Insomma era assai vivo nel popolo cristiano l’anelito e insieme l’attesa di un rinnovamento, l’attesa di una fine che sarebbe stata l’inizio e l’avvento del Regno di Dio. Il giubileo del 1300 ebbe origine in questa atmosfera di aspirazioni idealistiche, in questo terreno arato da sussulti spirituali e da fervorosi desideri di ottenere all’inizio del nuovo secolo un generale perdono.
L’eco di tutto ciò giunge fino a noi in un elemento comune nei testi dell’epoca, che ci parlano di questo primo giubileo: il centenario della nascita di Cristo. Si guarda all’anno centenario come ad avvenimento decisivo nella vicenda umana: l’anniversario centenario della nascita di Cristo viene entusiasticamente percepito come un tempo che si distingue dagli altri tempi, come un tempo speciale di grazia. Dal momento che questi elementi ritornano nelle testimonianze dell’epoca, dobbiamo con facile deduzione supporre che questi fossero anche i temi ricorrenti con i quali i predicatori scaldavano i cuori di fedeli già polarizzati verso il centenario della nascita di Cristo.

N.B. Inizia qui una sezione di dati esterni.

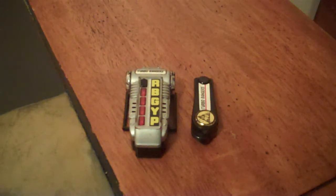Shipped into Turbo! Hey guys, KRX50 here with another review. This time I'll be reviewing the Turbo Morpher from Power Rangers Turbo.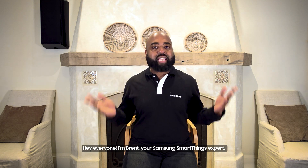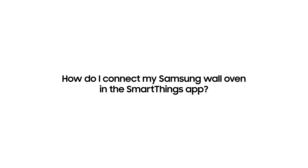Hey everyone, I'm Brent, your Samsung SmartThings expert. Here's how to connect your Samsung wall oven to the SmartThings app.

Era insomma convinzione ormai radicata che nel fluire del tempo vi sono non solo giorni, ma anche anni che, per il particolare carico di significato che li caratterizza, sono occasioni di grazie più copiose e straordinarie.
don Claudio Centa
(1 – continua)
NELLA FOTO: Roma, San Giovanni in Laterano – Giotto, Bonifacio VIII indice il giubileo del 1300, c. 1300, porzione di affresco. Quello che oggi possiamo ammirare faceva parte di un affresco molto più esteso, con il quale Giotto celebra il primo anno santo della storia. Abbiamo testimonianza dell’intero affresco da un disegno che lo riproduce fedelmente ed è conservato nella Biblioteca Ambrosiana di Milano.